Marcelo termino de despertarse, coloco la cafetera en el fuego, saco el pan algo de chacina y echando hacia un lado de la mesa las palabras sueltas, le pidió a José que se sentara y se calmara. -Todo a su momento decía tranquilo, todo a su momento. Mientras desayunaban, Marcelo ordenaba las palabras, dando un sentido. Donde antes había desolación, ahora y con paciencia se  podía ir vislumbrando una historia, que hacía referencia al viaje del gran  Ulises (Odiseo) y los Argonautas.
- Dice la leyenda, que Ulises deseoso de escuchar el canto de las Sirenas, y siguiendo los consejos de la maga Circe, mando que los remeros del Argos taparan sus oídos con cera para no caer en el hechizo del canto de estas y que a él lo ataran al mástil para así poder saciar su curiosidad. De esta forma gozo el gran Ulises del melodioso canto de las Sirenas… con lagrimas en los ojos, veinte años de ausencia y de guerra pasaron como un suspiro por la mente de Ulises, vio su Itaca, a su amor la bella Penélope mientras los cantos, endulzaban sus oídos haciéndole promesas de prosperidad y paz para él y los suyos. Cuando la nave salia de la influencia del canto de las Sirenas, el corazón de Ulises se entristeció y su cuerpo se retorcía de dolor, provocado por el alejamiento del canto tan cautivador y zalamero.  Dando urgencia a sus hombres por que  las cosas que le habían prometido enturbiaban su semblante, sospechando el mal que provocara tantos años de ausencia. Ahora sabía Ulises que si quería lo prometido por las sirenas, tenia que ser por su brazo y su determinación, donde hallaría la solución y no esperanzado en promesa vanas, pues aunque había grandiosidad en el discurso y mejoras de futuro, se daba cuenta que tan solo eran promesas echas al viento, rumores con los que se corría el riesgo de desaparecer…

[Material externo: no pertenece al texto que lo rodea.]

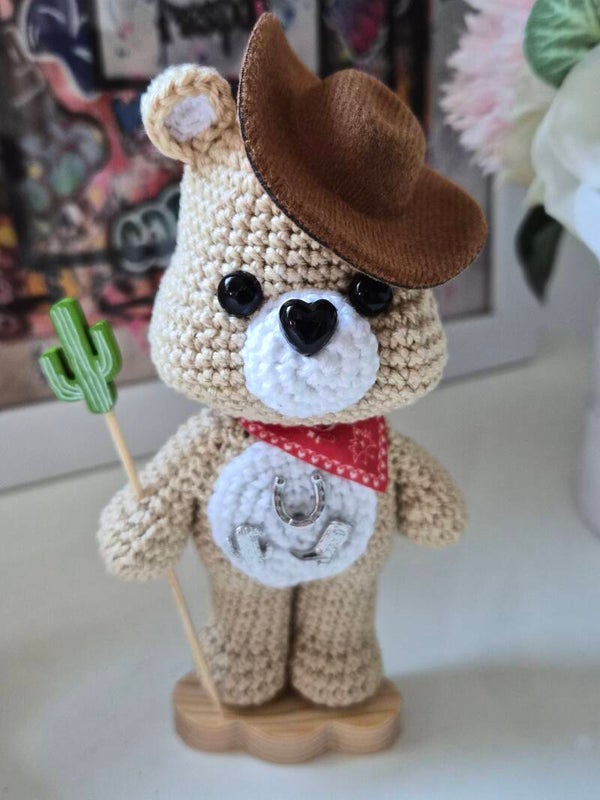 🤠 John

                                       *        *        *




Hoy el viento sopla por las cuatro esquinas del pueblo
Abandonado
De sus árboles cuelgan hojas de papel en blanco
La palabra hace tiempo que se desprendió de ellas.
Solas recorren los cuatro confines a la espera de ser recogidas
                                                  *
Hoy no quedan manos
No quedan corazones ni tan siquiera razones por las que escuchar
Hoy la gente dio la espalda a las instituciones,
La vieja guardia hace tiempo que se replegó,
Nadie se fía de nadie, los rostros que pasan tienen cosidos los labios.
                                                  *
Sangre solo sangre y dolor, tangibles, cuantificables.
Fustigando conciencias,  el heraldo pasó de largo
Incendiando el país con sus consignas, buscando
Otras gentes a las que zarandear otras luchas otras causas,
Para que se dignifiquen así mismas,
Para decirles una y otra vez que ellos son la solución a sus problemas
Y no los oradores cíclicos, vendedores de humo y sueños…
                                                  *
Los mismos que robaron la hacienda
Los mismos que envilecieron la palabra
                                                  *
Hoy es el pueblo, que ha despertado de su letargo
Hoy por fin todos a una, gritan al unísono… ¡Basta!
                                       El heraldo marcho dando paso a los jinetes…
                                                                                                Epi

2 comentarios:

  1. Buen texto tronco!!!
    Las palabras recogidas bajo la Luna por el único que tuvo la curiosidad de recogerlas, que ordenadas es el episodio de "Las Sirenas" y como estas dan más sentido a las palabras escondidas en los discursos engañosos escritos por profesionales que el orador no conoce.

    ResponderEliminar
  2. Los griegos niño, llegaron antes, fueron sesudos y dejaron pocos cabos sueltos... El resto es cosa nuestra y los resultados hablan de nosotros. El resto se lo dejaremos a las sirenas.